Monday 13 May 2013

Sorry, but are you suggesting it's our fault...?

'...making clothes for shoppers in the West...'
This was the comment added in to the report by BBC correspondent Sanjoy Majumder (0.54-0.56) as he described the remarkable survival of Reshma the seamstress in the rubble of the collapsed building in Dhaka, Bangladesh.

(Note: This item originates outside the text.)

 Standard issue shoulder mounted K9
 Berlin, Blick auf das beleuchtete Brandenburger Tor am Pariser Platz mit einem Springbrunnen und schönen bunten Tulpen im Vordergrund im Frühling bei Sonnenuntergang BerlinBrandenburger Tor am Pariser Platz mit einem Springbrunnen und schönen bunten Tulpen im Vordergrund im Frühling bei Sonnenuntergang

Dhaka survivor Reshma: 'I did not imagine I would survive'

Now maybe I'm being a little bit over-sensitive about this, but am I the only one who picked up on the rather accusatory tone of the comment by Mr Majumder? It was almost as if he is suggesting that, if we in the West were not obsessed with buying cheap clothes from shops such as Primark, then Ramesh and the 1,000 people less fortunate than her would not have been working in a building that was unsafe and would not have had their lives taken away from them when said building collapsed.
Blame, if it belongs anywhere, is with those who ignored the bloody great cracks in the structure that appeared the day before its collapse, or maybe with Bangladeshi authorities and their inability to maintain any kind of reasonable building standards.
Or does it...?
Perhaps, just perhaps, there is an argument to say that if we, the 'shoppers in the West' did not have the ridiculous expectation (fuelled, it has to be said, by big global brands all trying to undercut each other whilst peddling the 'throw-away' culture) that we should be able to buy 10 tee-shirts for £3, then maybe those same global brands wouldn't be outsourcing production to third-world countries where costs are so much lower because they don't have to provide the same levels of safety, health protection, working conditions, wages, etc and safe buildings that they do in the West...
Perhaps if we all took a minute to think about exactly how the likes of Primark are able to make silk three-piece suits on the other side of the world and ship them over to the UK and stock them in big High Street stores and still only charge £3.95 (with a free silk tie and cotton shirt), maybe we'd start to think twice about whether it is morally correct for us to provide, through our purchases, our tacit approval of the use of unsafe, nay deadly factories in far-off countries where lives are less important than profit.
So, maybe, just maybe, Mr Majumder has a point.